→ **How to complete this task**:
Range to reproduce from the entries below: the line with "American Creative Leaf", the line with "Toddler sitting on", and every line in between. Give them exactly and give nothing else.

BEGIN

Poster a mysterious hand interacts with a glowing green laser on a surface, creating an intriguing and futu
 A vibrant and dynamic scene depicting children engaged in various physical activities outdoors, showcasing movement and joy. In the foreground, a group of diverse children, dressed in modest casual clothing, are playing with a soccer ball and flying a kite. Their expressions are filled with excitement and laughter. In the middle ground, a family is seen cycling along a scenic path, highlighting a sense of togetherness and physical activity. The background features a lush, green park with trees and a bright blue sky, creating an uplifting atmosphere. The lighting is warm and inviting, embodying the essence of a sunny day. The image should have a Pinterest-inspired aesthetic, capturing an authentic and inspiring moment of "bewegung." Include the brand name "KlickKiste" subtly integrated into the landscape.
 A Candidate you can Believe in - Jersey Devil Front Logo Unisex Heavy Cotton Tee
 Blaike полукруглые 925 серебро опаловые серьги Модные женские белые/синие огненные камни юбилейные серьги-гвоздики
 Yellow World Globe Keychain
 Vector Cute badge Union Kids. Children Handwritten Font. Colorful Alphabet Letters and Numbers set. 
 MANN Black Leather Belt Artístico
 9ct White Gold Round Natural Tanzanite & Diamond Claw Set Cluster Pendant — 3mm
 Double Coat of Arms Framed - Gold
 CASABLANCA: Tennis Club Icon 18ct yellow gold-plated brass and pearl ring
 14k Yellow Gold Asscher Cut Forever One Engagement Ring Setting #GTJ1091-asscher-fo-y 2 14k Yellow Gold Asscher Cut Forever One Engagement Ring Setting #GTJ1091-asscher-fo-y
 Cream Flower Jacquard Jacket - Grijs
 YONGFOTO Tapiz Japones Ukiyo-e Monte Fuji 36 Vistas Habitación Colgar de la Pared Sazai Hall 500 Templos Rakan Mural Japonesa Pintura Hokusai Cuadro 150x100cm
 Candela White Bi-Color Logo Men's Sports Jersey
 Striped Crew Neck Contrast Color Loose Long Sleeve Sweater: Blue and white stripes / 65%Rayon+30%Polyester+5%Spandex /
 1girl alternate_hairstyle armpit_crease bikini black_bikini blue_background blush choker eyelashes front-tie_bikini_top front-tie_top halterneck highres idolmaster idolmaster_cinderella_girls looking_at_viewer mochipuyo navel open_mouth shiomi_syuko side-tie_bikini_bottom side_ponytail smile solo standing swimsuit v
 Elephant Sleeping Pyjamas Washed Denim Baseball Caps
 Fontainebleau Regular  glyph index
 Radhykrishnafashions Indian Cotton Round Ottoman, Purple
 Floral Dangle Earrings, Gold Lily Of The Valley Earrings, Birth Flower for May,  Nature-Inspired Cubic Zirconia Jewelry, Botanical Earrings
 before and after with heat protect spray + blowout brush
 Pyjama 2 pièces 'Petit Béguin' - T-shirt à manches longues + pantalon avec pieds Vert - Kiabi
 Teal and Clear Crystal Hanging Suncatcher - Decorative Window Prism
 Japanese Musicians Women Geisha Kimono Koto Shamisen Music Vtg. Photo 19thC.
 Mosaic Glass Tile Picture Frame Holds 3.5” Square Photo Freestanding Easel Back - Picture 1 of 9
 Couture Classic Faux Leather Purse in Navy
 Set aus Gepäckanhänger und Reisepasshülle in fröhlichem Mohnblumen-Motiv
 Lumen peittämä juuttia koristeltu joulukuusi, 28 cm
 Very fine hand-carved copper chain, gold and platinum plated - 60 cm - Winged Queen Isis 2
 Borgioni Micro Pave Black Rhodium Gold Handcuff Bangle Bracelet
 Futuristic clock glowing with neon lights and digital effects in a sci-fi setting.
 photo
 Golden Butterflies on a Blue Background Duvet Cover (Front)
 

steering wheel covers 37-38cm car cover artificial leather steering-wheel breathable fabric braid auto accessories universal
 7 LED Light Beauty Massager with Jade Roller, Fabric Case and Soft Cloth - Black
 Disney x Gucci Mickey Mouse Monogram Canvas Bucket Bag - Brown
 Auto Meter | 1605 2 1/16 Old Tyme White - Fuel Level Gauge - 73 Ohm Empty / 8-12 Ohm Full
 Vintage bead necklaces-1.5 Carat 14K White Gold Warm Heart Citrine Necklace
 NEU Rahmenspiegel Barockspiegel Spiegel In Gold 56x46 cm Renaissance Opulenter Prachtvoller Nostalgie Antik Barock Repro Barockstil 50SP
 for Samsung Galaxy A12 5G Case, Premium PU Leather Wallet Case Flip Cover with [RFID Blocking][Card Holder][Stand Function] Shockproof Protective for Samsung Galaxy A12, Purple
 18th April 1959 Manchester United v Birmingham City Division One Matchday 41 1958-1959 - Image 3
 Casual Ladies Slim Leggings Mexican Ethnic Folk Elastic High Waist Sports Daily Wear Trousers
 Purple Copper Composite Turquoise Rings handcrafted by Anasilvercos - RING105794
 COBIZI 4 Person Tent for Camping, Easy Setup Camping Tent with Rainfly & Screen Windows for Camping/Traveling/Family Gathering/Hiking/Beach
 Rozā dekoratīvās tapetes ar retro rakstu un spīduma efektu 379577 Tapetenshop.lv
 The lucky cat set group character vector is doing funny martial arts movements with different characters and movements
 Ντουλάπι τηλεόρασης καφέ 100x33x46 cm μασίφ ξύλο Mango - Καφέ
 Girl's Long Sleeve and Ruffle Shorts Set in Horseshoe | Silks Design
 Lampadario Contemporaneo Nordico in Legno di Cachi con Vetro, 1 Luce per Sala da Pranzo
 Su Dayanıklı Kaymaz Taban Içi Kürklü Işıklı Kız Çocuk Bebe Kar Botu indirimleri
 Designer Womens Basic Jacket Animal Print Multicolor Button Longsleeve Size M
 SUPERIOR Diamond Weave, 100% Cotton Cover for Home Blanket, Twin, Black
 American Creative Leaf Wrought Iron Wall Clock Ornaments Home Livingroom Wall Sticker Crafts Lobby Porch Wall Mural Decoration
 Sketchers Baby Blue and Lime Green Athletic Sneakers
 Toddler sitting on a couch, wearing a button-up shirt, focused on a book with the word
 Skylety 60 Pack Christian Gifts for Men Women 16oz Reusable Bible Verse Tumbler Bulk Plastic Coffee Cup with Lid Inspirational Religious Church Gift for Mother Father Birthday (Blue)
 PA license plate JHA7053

END

→ **Reply**:
 American Creative Leaf Wrought Iron Wall Clock Ornaments Home Livingroom Wall Sticker Crafts Lobby Porch Wall Mural Decoration
 Sketchers Baby Blue and Lime Green Athletic Sneakers
 Toddler sitting on a couch, wearing a button-up shirt, focused on a book with the word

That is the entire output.